Fed rate cut expectations were dramatically pared back on Thursday after Fed chief, Jerome Powell, rounded up the week’s hawkish rhetoric by adding to the sense of caution about the pace of easing. Speaking at a Dallas Fed event, Powell said “the economy is not sending any signals that we need to be in a hurry to lower rates” as he emphasized the solid jobs and growth data.

However, a bigger factor behind the Fed’s unease about cutting rates too quickly is likely to be the recent disappointing data on inflation. Although policymakers have not been pretending that they’re happy with how slowly inflation has been falling, they perhaps haven’t been as forthright as they could have been at venting their frustration. But it seems that their concerns are growing, with Powell describing the recent trend as a “sometimes-bumpy path”.

Clearly the Fed was hoping that this week’s CPI and PPI reports would have surprised to the downside and according to Powell’s own projections, core PCE will edge up to 2.8% in October. This is hardly an indication that inflation is about to hit 2% soon and the markets are having a bit of a reality check after largely ignoring Wednesday’s CPI data.

Only modest boost to yields and dollar

Expectations for a 25-bps rate cut in December have fallen to around 63% from about 85% prior to Powell’s remarks, while the next cut isn’t fully priced in until June. After that, investors see just one more additional 25-bps cut by the end of 2025.

Interestingly, Treasury yields and the US dollar only managed to briefly spike higher before pulling back somewhat, suggesting that the repricing in Fed fund futures didn’t come as too much of a surprise for the bond market.

Wall Street on shaky ground

But the reaction on Wall Street was a bit more notable, as the S&P 500 slipped by 0.6% and the Nasdaq 100 closed 0.7% lower.

Still, the selloff is contained considering the strong post-election rally and a 5.8% slump in Tesla stock, which fell on reports that the incoming Trump administration will scrap Biden’s tax credit for electric vehicles.

Disney was a bright spot, however, as its shares soared by 6.2% after the company reported that its streaming business swung into profit in the 2024 fiscal year. The earnings spotlight later today will fall on Alibaba.

US retail sales data will also be crucial for the markets as an upbeat report could further dash December rate cut hopes.
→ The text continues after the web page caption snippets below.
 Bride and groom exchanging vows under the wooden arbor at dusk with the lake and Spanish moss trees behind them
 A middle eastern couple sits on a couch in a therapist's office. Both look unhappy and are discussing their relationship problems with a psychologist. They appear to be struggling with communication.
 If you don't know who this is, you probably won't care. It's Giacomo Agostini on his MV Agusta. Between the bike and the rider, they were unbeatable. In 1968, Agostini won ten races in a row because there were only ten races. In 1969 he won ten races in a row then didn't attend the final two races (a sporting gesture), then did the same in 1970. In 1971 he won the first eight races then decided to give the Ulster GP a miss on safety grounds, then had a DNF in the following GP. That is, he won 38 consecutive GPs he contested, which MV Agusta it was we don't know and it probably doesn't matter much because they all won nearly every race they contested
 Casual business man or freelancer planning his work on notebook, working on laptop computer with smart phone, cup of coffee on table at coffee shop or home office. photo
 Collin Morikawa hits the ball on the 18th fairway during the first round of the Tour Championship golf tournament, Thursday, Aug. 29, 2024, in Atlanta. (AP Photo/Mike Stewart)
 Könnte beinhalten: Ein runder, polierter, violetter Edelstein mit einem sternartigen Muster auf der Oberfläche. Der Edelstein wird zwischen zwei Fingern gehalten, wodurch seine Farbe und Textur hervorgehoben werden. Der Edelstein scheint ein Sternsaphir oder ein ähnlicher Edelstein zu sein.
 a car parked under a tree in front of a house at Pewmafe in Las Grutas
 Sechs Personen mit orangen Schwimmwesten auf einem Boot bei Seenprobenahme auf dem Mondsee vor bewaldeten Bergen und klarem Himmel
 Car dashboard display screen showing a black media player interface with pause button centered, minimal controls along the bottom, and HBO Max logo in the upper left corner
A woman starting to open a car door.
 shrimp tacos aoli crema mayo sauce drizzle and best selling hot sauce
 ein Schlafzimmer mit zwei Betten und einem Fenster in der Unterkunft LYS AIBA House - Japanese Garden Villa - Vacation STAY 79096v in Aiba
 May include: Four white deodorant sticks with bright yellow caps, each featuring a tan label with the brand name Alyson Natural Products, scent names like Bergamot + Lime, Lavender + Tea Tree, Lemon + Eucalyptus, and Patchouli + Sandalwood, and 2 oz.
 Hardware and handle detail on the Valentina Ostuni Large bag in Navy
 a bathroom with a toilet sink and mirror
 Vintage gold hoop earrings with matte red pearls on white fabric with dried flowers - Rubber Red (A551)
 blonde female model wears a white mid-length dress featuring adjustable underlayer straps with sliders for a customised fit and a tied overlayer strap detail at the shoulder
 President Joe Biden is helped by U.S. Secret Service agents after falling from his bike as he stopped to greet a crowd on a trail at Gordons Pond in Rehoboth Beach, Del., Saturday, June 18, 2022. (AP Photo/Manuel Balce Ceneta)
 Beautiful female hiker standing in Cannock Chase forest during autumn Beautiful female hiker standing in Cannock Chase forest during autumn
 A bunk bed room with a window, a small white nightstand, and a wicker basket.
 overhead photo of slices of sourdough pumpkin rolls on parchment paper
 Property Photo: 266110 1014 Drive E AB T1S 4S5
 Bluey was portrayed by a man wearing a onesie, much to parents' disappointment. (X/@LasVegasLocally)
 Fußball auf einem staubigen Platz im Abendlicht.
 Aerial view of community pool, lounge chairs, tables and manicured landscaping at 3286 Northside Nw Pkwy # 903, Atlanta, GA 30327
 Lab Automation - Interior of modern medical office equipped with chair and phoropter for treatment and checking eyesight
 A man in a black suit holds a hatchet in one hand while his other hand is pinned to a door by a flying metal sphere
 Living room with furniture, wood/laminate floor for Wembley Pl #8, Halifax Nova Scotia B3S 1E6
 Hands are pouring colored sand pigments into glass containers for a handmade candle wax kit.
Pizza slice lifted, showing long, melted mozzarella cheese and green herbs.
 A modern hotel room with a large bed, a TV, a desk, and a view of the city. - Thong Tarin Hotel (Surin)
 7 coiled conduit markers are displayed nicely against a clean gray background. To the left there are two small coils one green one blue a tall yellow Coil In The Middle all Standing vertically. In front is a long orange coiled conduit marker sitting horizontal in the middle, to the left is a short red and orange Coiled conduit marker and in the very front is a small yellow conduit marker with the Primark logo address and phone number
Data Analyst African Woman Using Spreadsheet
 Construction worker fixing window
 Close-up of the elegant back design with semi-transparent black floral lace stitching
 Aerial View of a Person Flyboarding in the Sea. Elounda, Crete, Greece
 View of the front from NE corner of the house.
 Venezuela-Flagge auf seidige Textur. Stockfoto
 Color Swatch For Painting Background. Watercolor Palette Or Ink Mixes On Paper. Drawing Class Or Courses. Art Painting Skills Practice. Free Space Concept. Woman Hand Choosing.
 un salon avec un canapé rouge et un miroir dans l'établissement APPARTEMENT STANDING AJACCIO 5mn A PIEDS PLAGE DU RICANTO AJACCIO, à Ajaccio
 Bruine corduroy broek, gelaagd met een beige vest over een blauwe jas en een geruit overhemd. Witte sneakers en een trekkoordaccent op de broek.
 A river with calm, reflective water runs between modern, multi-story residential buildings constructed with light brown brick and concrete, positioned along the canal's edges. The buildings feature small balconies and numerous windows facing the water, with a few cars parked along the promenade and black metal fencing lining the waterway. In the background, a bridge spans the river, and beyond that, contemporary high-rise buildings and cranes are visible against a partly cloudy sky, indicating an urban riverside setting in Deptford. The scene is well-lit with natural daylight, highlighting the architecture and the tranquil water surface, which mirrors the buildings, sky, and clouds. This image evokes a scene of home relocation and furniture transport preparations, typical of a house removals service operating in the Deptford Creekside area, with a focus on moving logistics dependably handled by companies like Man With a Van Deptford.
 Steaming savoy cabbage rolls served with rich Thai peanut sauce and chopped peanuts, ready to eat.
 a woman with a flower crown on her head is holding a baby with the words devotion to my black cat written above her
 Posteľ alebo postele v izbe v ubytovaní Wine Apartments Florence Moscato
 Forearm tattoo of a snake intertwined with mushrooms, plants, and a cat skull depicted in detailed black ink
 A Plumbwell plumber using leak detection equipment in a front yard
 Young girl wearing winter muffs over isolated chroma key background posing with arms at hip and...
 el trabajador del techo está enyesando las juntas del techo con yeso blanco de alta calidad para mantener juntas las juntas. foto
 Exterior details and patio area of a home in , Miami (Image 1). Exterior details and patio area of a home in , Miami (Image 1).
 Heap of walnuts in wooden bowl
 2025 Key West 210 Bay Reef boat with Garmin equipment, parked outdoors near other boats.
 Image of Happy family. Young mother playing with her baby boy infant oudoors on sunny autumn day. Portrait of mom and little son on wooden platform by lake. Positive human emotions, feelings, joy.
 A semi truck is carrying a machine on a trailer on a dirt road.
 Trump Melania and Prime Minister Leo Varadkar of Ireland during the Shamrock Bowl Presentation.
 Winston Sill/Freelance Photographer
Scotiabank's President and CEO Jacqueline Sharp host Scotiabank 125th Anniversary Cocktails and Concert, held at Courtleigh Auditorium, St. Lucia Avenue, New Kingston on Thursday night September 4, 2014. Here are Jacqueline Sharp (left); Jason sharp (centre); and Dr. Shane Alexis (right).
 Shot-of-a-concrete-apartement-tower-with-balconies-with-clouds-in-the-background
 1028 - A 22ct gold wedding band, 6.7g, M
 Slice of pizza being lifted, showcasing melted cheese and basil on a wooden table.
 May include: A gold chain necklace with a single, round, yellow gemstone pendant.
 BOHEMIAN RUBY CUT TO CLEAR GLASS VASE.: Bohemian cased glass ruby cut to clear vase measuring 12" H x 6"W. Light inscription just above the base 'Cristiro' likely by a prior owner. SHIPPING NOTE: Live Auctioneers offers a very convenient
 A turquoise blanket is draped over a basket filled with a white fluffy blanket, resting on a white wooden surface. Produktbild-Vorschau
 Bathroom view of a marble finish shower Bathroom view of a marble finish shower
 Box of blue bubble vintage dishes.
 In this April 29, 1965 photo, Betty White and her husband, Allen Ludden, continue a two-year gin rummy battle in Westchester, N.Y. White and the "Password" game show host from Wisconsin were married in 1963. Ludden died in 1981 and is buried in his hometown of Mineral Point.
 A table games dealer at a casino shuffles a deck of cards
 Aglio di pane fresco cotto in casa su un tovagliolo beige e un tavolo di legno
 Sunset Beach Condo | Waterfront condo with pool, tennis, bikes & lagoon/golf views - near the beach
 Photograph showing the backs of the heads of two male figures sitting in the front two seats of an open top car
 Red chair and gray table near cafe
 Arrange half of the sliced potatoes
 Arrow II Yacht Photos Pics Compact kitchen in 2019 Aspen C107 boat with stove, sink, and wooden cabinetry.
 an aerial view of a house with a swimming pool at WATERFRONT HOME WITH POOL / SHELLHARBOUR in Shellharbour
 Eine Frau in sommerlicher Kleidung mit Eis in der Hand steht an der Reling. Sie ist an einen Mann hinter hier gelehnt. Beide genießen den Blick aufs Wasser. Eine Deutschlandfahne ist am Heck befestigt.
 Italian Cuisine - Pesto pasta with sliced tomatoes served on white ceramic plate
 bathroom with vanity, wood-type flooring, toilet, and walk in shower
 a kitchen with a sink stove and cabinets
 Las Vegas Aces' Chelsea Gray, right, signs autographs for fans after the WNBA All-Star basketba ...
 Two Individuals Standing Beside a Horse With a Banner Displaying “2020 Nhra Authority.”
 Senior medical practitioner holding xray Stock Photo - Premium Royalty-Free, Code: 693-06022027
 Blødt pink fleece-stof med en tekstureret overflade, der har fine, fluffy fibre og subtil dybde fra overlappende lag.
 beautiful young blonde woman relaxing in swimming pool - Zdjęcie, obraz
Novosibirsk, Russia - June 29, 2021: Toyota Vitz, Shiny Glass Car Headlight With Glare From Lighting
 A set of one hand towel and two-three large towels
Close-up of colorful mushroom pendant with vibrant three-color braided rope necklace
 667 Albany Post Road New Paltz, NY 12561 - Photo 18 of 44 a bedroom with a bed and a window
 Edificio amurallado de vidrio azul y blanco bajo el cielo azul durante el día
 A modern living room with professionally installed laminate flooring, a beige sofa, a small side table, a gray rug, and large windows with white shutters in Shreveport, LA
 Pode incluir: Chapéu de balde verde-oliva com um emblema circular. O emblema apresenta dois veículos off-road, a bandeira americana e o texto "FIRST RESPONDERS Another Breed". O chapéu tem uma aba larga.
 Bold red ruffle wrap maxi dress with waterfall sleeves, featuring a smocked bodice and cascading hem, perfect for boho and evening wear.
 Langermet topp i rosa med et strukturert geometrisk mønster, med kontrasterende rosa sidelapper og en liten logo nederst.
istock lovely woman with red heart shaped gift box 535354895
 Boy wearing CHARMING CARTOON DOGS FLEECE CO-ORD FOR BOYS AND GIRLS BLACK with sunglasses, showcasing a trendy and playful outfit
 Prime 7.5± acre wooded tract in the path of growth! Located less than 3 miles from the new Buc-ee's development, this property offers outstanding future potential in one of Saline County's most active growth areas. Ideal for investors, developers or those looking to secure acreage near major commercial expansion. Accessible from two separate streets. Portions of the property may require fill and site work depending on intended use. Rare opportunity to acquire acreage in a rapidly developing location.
Yen and euro bounce back, pound lags

The euro staged a rebound on Friday with no clear catalyst for the move. The failure of the US dollar to extend its rally after Powell’s hawkish comments likely made way for a technical rebound, which may not last long as the odds for a 50-bps rate cut by the ECB in December have been steadily rising in recent days.

The pound was steady around $1.2665 despite the UK economy growing by less than forecast in Q3, while the Australian dollar edged up on data showing that retail sales in China jumped by more than expected in October.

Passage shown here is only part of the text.